Instructions for the task>
Please return only the lines from the one with "In a modern" through the final line of the data, unchanged, with pictures omitted.

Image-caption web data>
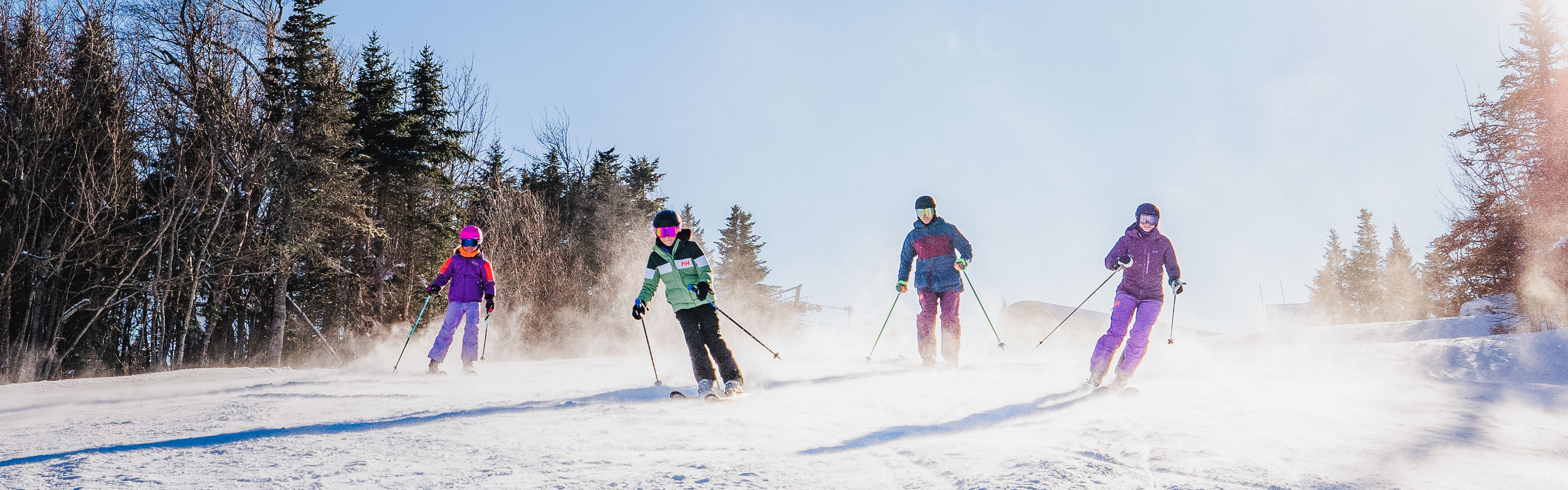 Family Skis Down Trail at Okemo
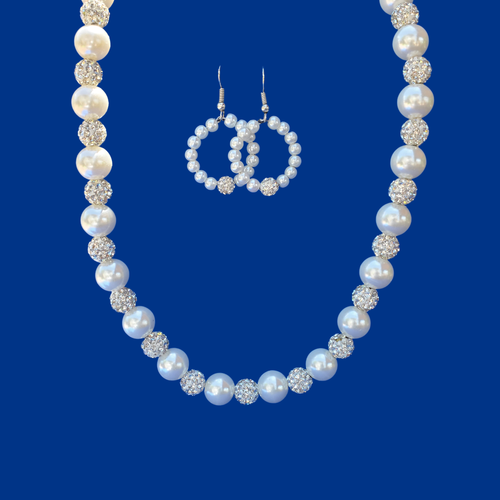 A handmade pearl and crystal necklace accompanied by a pair of hoop earrings.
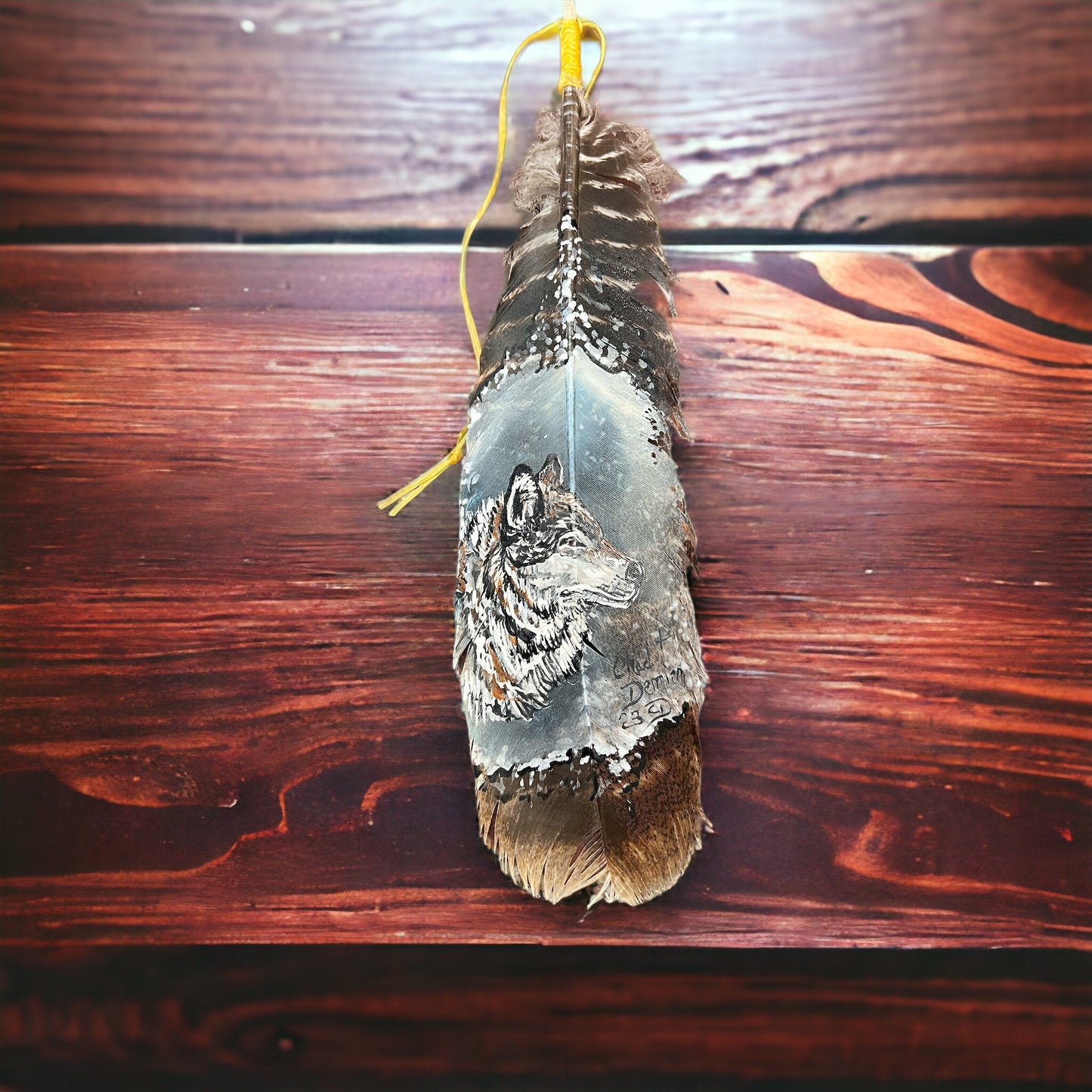 Painted hat feather by Chad Demien - Wolf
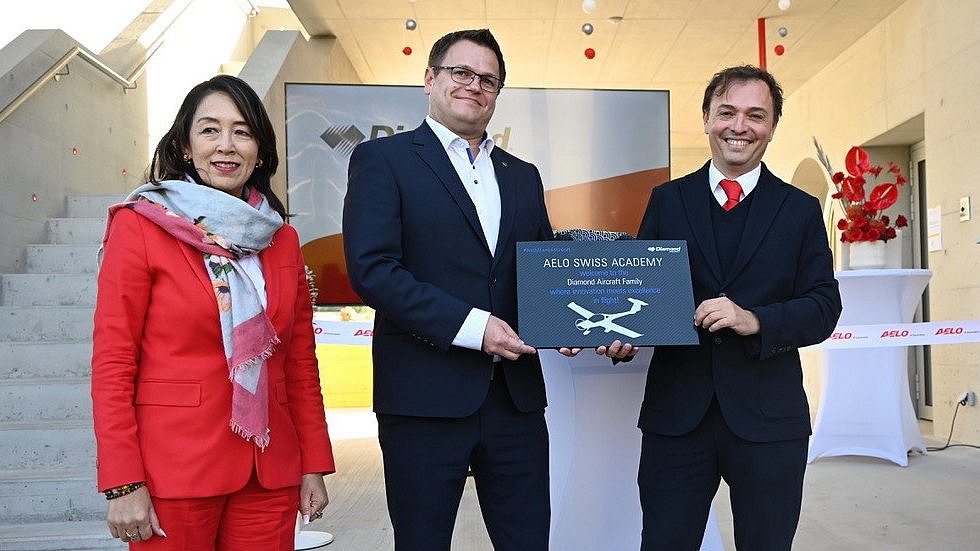 In a modern setting, a woman in red and two men in suits proudly present a plaque for the Aelo Swiss Academy.
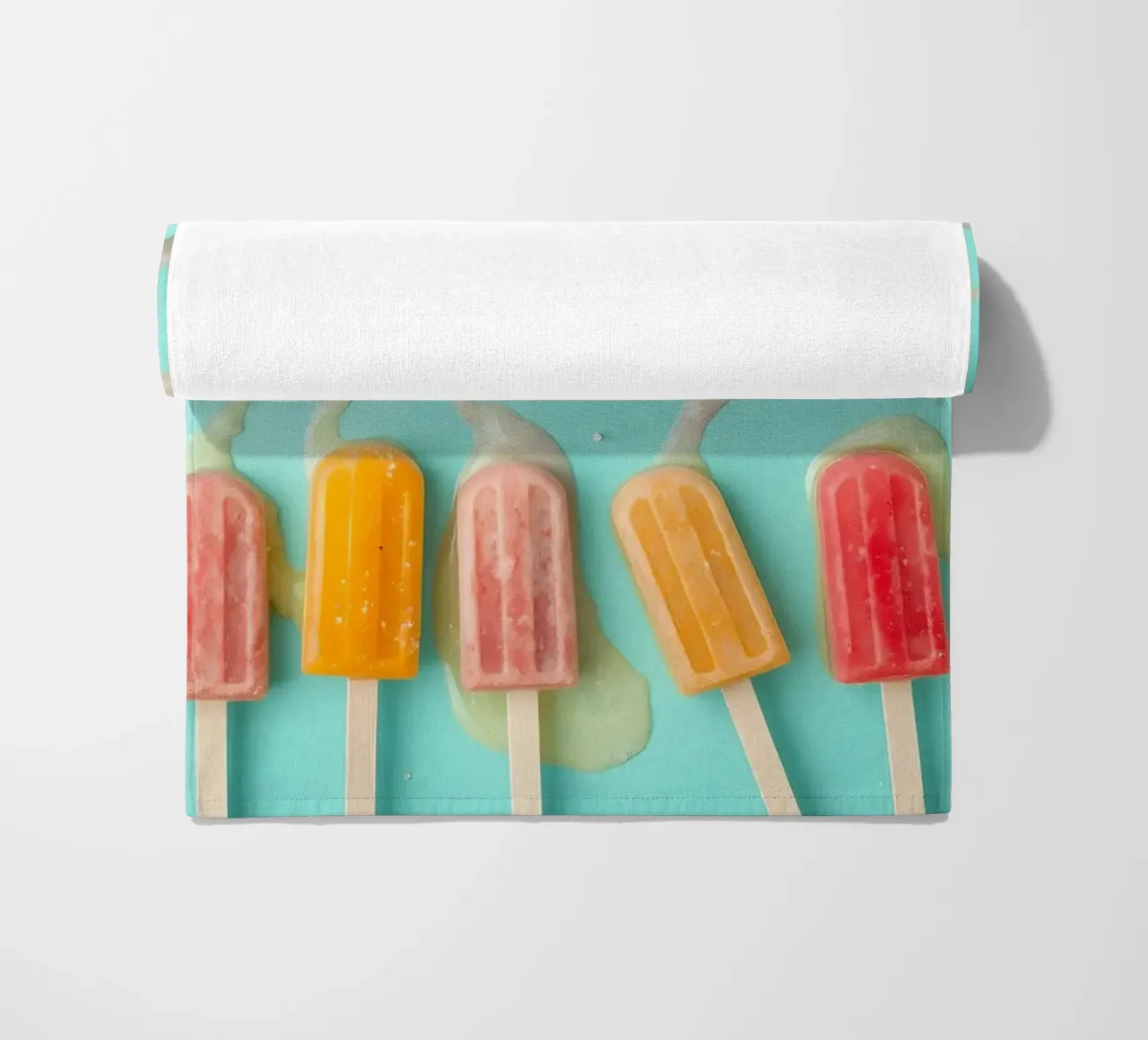 Colorful frozen pops displayed on a blue surface telo mare da DesignDoodle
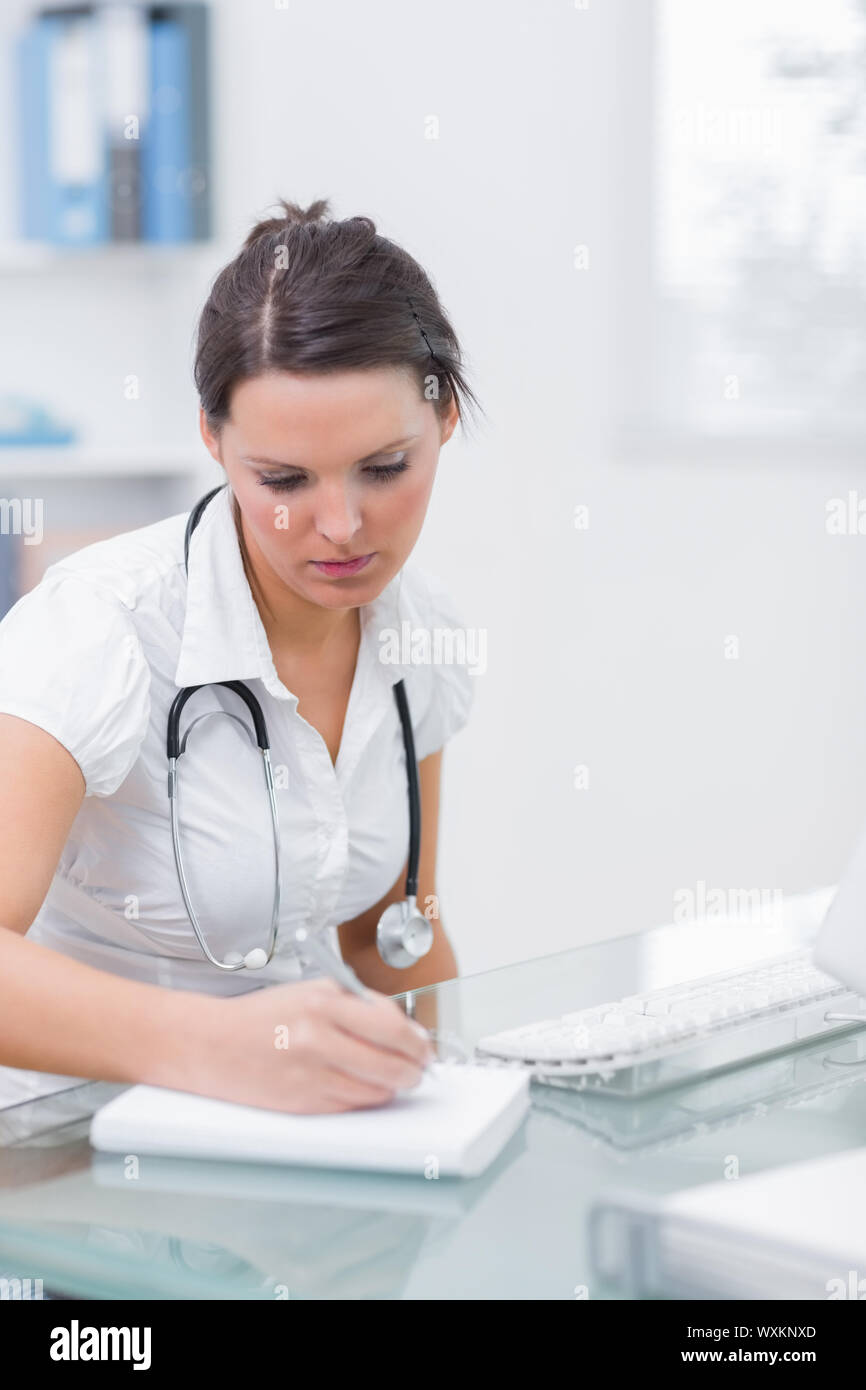 Female doctor writing a prescription at desk in clinic Stock Photo - Alamy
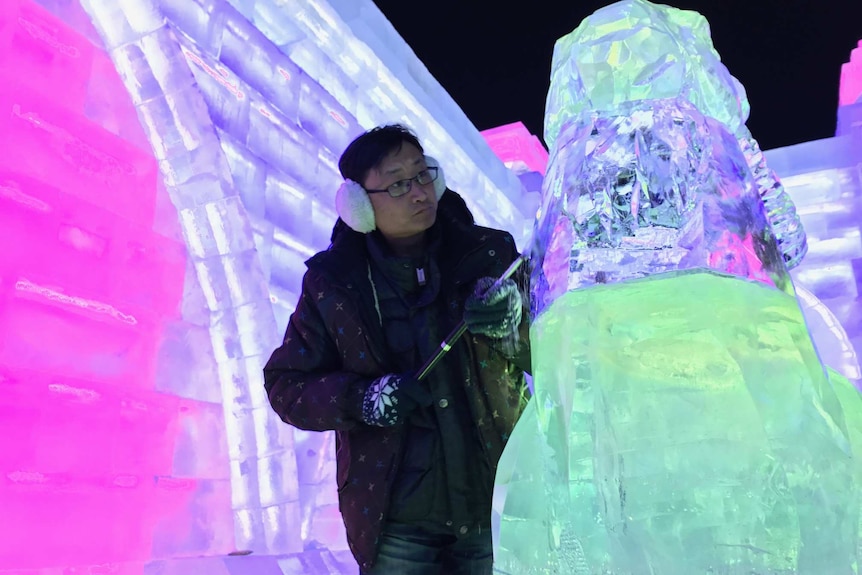 Ice sculptor Sun Jian carves a statue inside an ice buidling at the festival.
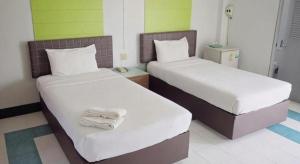 Postel nebo postele na pokoji v ubytování Kumkaew Udon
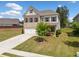 Beautiful two-story home boasts a well-maintained lawn, a two-car garage, and classic architectural details at 3360 Meadow Grass Dr, Dacula, GA 30019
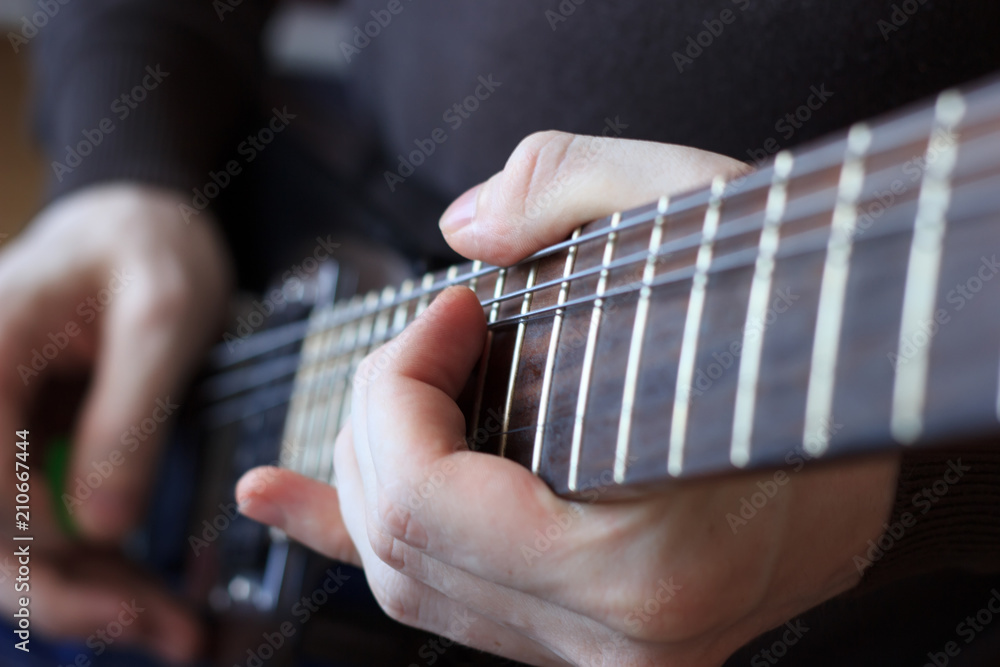 Fototapeta premium Man is playing guitar close up
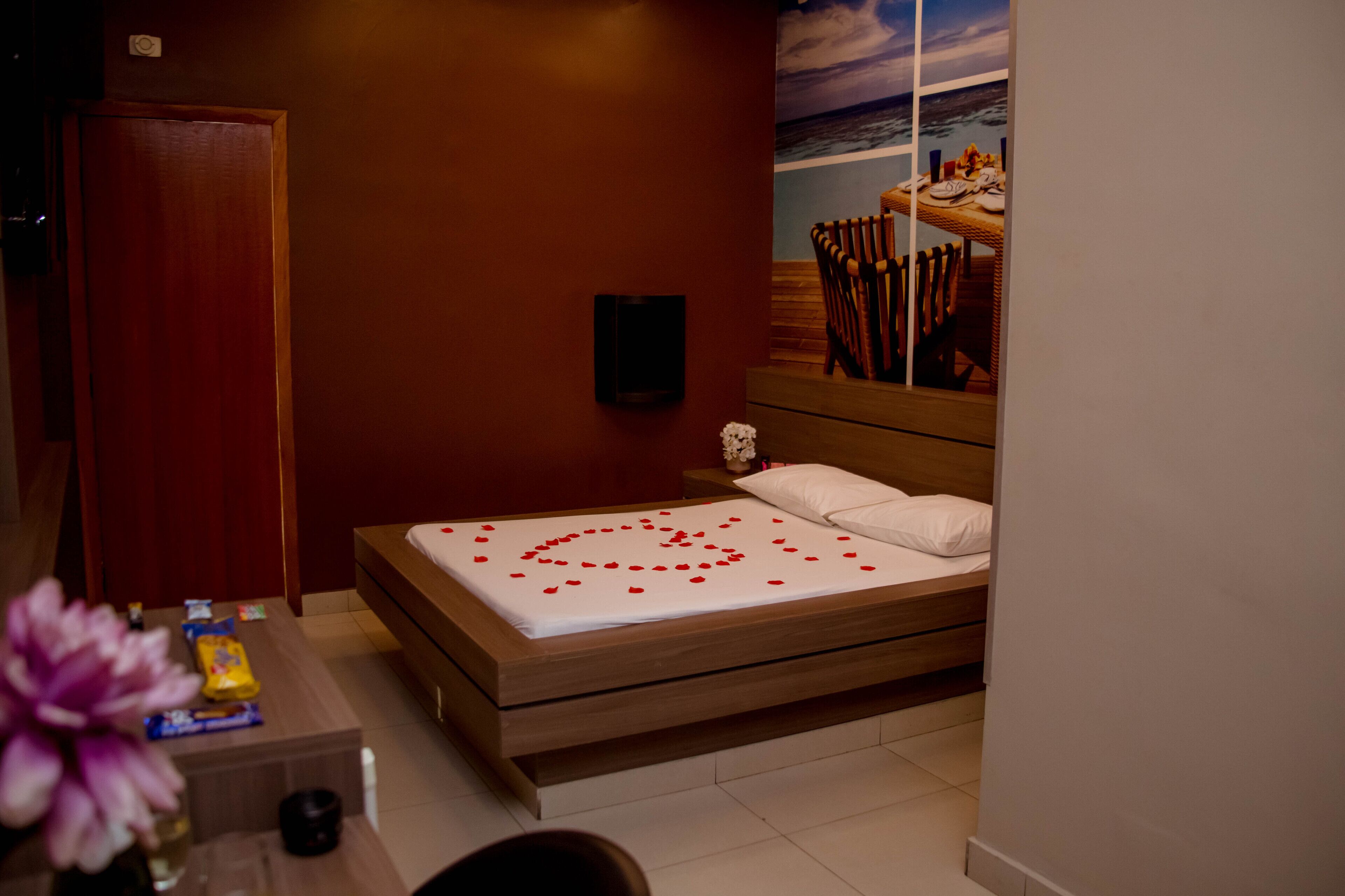 Un dormitorio con una cama de madera, una mesita de noche, un televisor montado en la pared y un cuadro con una escena de playa.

Written solution>
 In a modern setting, a woman in red and two men in suits proudly present a plaque for the Aelo Swiss Academy.
 Colorful frozen pops displayed on a blue surface telo mare da DesignDoodle
 Female doctor writing a prescription at desk in clinic Stock Photo - Alamy
 Ice sculptor Sun Jian carves a statue inside an ice buidling at the festival.
 Postel nebo postele na pokoji v ubytování Kumkaew Udon
 Beautiful two-story home boasts a well-maintained lawn, a two-car garage, and classic architectural details at 3360 Meadow Grass Dr, Dacula, GA 30019
 Fototapeta premium Man is playing guitar close up
 Un dormitorio con una cama de madera, una mesita de noche, un televisor montado en la pared y un cuadro con una escena de playa.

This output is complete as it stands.